Le deuxième volume contient le quatrième et le cinquième livre des Odes, l’un consacré aux sujets de fantaisie, l’autre à des traductions d’impressions personnelles. Les Ballades complètent ce volume, qui, de cette manière, est, comme l’autre, divisé en trois sections. Les poëmes sont le plus souvent rangés par ordre de dates.
Pour en finir de ces détails, peut-être inutiles et à coup sûr minutieux, nous ferons observer que les préfaces qui avaient accompagné les trois recueils aux époques de leur publication ont été imprimées, avec celle-ci, également par ordre de dates. On pourra remarquer, dans les idées qui y sont avancées, une progression de liberté qui n’est ni sans signification ni sans enseignement.
Enfin dix pièces nouvelles, sans compter l’Ode à la colonne de la place Vendôme, ont été ajoutées à la présente édition.
Il faut tout dire, les modifications apportées à ce recueil ne se bornent pas peut-être à ces changements matériels. Quelque puérile que paraisse à l’auteur l’habitude de faire des corrections érigée en système, il est très loin d’avoir fui, ce qui serait aussi un système non moins fâcheux, les corrections qui lui ont paru importantes ; mais il a fallu pour cela qu’elles se présentassent naturellement, invinciblement, comme d’elles-mêmes, et en quelque sorte avec le caractère de l’inspiration. Ainsi, bon nombre de vers se sont trouvés refaits, bon nombre de strophes remaniées, remplacées ou ajoutées. Au reste, tout cela ne valait peut-être pas plus la peine d’être fait que d’être dit.

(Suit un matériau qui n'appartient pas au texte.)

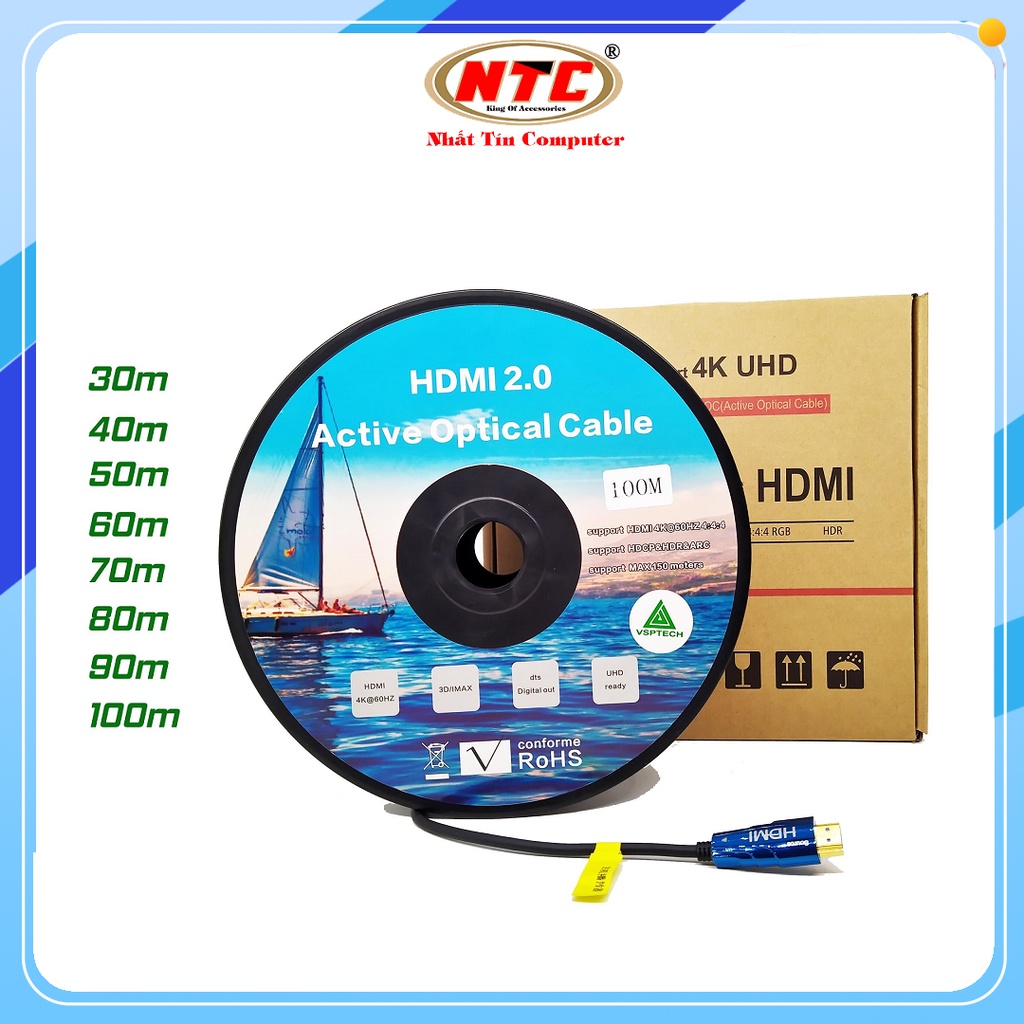 Cáp HDMI 2.0 VSPTECH 30M đến 100M tùy chọn - sợi quang hỗ trợ UHD 4K 60Hz - Nhất Tín Computer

Ç’aurait sans doute été plutôt ici le lieu d’agiter quelques-unes des hautes questions de langue, de style, de versification, et particulièrement de rhythme, qu’un recueil de poésie lyrique française au dix-neuvième siècle peut et doit soulever. Mais il est rare que de semblables dissertations ne ressemblent pas plus ou moins à des apologies. L’auteur s’en abstiendra donc ici, en se réservant d’exposer ailleurs les idées qu’il a pu recueillir sur ces matières, et, qu’on lui pardonne la présomption de ces paroles, de dire ce qu’il croit que l’art lui a appris. En attendant, il appelle sur ces questions l’attention de tous les critiques qui comprennent quelque chose au mouvement progressif de la pensée humaine, qui ne cloîtrent pas l’art dans les poétiques et les règles, et qui ne concentrent pas toute la poésie d’une nation dans un genre, dans une école, dans un siècle hermétiquement fermé.
Au reste, ces idées sont de jour en jour mieux comprises. Il est admirable de voir quels pas de géant l’art fait et fait faire. Une forte école s’élève, une génération forte croît dans l’ombre pour elle. Tous les principes que cette époque a posés, pour le monde des intelligences comme pour le monde des affaires, amènent déjà rapidement leurs conséquences. Espérons qu’un jour le dix-neuvième siècle, politique et littéraire, pourra être résumé d’un mot : la liberté dans l’ordre, la liberté dans l’art.